How to contribute to the sciCORE Documentation¶
Info
Contributions are welcome! To help you getting started, we put together the tips and suggestions below.
Contributions can be made in a number of ways, a few examples are:
- Documentation improvements suggestions by creating a GitLab issue – please include as much detail as you can.
- Active participation by adding to or updating content (requires familiarity with git and Markdown)
- Submit feedback via issues, tickets, or email.
Creating an issue¶
Whether you want to submit feedback or actively contribute to the documentation page, the best way to start your contribution is to create a new issue on in the gitlab project as described below. This will help the team work on your suggested improvements in a timely and organized manner.
How to create an issue¶
- Go to git repository(after logging in with your UniBas account)
- Go to Issues
- Select New item
- Select the template sciCORE documentation issue template
- Fill in the template and include as much detail as you can
Issue naming convention¶
To help to categorize issues, we suggested a few conventions to name issues. When creating an issue, please follow the naming instructions below:
- Start the issue name with a topic
- Use slashes to separate parts of your issues names.
- Do not start your name with numbers and special characters
- Keep them short
Info
For example: fixing-typos or create-cheatsheet
Contributing directly (requires git and Markdown knowledge)¶
If you are comfortable editing Markdown, feel free to edit files either using the web interface or locally after you have cloned the repo. The main README contains the instructions to build the site locally. Please commit you changes to a branch with informative commit messages.
- Access the gitlab project page.
- Login using your university account credentials.
- Create an issue following the instructions above.

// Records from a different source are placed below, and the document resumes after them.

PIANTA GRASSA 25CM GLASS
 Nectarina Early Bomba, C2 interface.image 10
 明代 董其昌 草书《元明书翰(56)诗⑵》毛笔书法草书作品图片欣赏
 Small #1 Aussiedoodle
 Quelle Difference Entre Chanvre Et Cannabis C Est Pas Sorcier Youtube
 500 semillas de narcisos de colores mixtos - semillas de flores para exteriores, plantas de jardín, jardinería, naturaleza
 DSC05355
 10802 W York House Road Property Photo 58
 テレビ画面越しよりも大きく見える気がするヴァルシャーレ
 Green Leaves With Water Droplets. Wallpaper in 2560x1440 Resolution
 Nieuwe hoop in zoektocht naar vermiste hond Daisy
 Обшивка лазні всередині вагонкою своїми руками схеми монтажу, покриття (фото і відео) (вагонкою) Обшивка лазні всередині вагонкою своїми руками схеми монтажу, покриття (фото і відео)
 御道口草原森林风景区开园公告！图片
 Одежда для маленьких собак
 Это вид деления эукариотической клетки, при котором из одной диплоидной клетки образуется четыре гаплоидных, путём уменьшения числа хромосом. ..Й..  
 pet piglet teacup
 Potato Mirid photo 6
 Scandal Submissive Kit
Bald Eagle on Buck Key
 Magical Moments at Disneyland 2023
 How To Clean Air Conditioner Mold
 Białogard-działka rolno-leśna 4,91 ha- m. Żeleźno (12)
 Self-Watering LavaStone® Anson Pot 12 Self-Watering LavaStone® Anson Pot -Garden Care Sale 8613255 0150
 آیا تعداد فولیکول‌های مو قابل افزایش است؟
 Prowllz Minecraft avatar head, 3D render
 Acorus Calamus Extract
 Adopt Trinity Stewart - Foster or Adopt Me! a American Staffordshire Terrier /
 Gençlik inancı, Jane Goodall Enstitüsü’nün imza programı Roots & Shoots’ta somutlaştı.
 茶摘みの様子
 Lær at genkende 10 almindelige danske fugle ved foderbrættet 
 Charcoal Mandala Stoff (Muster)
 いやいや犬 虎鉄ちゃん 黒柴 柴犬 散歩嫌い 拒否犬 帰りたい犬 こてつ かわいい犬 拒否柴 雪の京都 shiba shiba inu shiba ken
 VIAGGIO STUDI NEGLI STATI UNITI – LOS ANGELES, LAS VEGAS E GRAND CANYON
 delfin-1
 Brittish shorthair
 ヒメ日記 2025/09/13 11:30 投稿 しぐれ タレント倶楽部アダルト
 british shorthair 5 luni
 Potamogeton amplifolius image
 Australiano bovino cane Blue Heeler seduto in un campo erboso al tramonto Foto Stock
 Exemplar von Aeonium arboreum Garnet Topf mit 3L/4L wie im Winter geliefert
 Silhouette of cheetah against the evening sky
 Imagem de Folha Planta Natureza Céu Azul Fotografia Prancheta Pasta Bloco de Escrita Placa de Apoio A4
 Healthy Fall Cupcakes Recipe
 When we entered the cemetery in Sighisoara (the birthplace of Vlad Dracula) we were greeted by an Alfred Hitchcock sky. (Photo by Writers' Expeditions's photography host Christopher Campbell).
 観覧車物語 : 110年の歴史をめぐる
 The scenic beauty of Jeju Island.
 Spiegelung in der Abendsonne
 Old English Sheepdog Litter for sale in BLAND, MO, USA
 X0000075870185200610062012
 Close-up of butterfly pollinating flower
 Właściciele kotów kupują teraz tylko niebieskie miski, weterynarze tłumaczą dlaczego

- Create a branch from the issue.
- Edit.
- Submit a merge request.
Your merge request will be reviewed by sciCORE and may be included in a future release of the documentation.
Warning
Before you start editing, please refer to the README.md file for guidelines and formatting styles used in the current documentation project.
Merge Requests From External Contributors¶
Warning
For merge requests from forked repositories, pipelines may start automatically but fail due to runner restrictions. Please cancel those automatically triggered pipelines.
For external contributors¶
- Fork the
scicore-public-documentationproject. - Make your changes in your fork.
- Open a merge request from your fork to the upstream project.
- Cancel the automatically triggered merge request pipeline.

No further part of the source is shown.